[RECORDED INFORMATION]
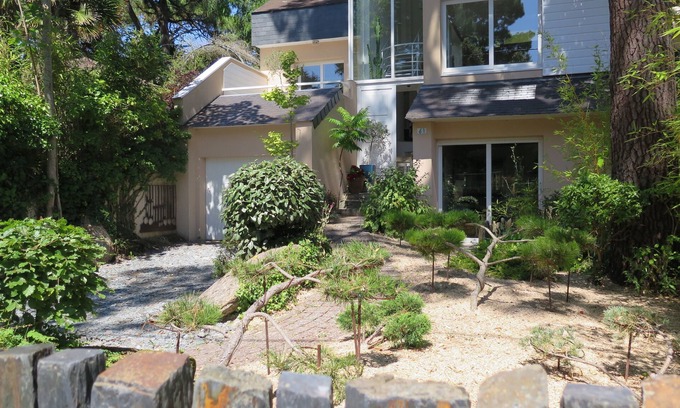 La Baule-Escoublac Villa | Contemporary villa in the middle of La Baule bay, in a very quiet avenue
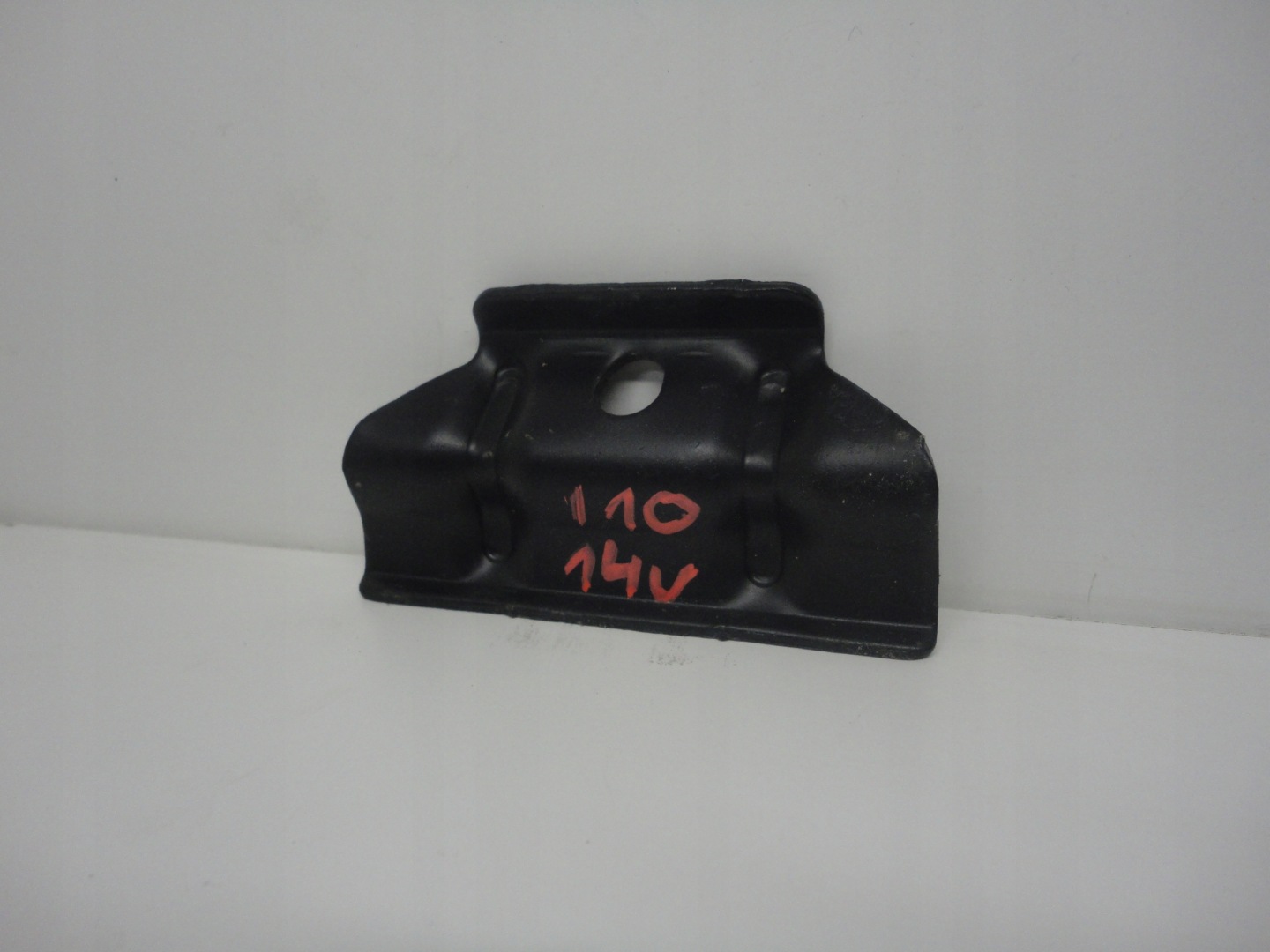 HYUNDAI I10 II Support plaque Poignée pour batterie 2013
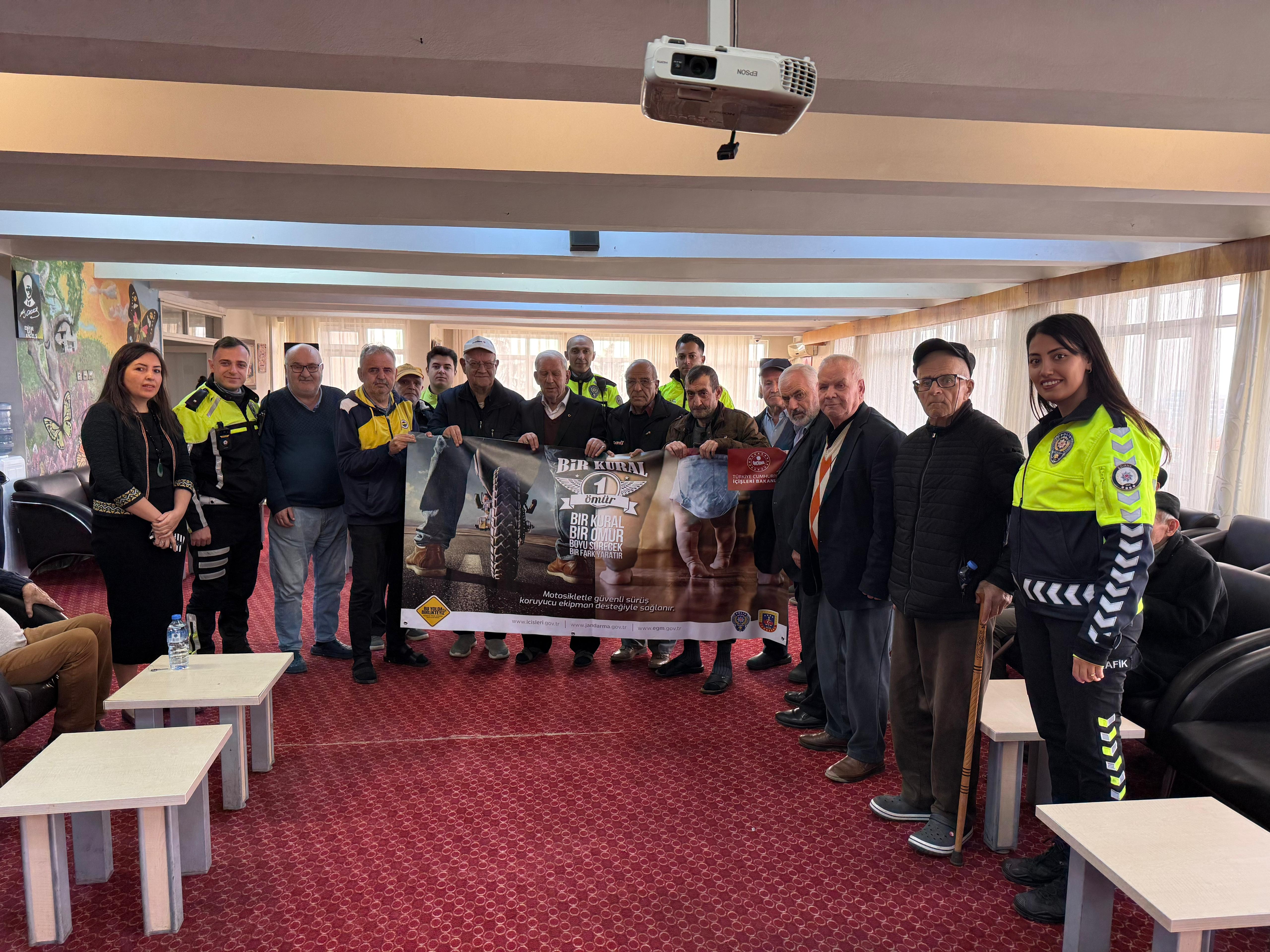 Trafik Güvenliği Eğitimi Verildi.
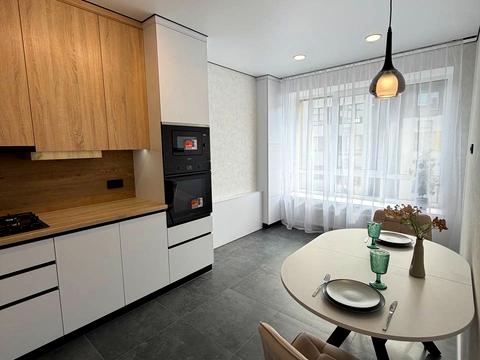 квартира за адресою Соборна вул., (Будинок 41)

[TASK GOAL] Set the whole listing down again unchanged, apart from the pictures, which are omitted.

[TASK ANSWER]
 La Baule-Escoublac Villa | Contemporary villa in the middle of La Baule bay, in a very quiet avenue
 HYUNDAI I10 II Support plaque Poignée pour batterie 2013
 Trafik Güvenliği Eğitimi Verildi.
 квартира за адресою Соборна вул., (Будинок 41)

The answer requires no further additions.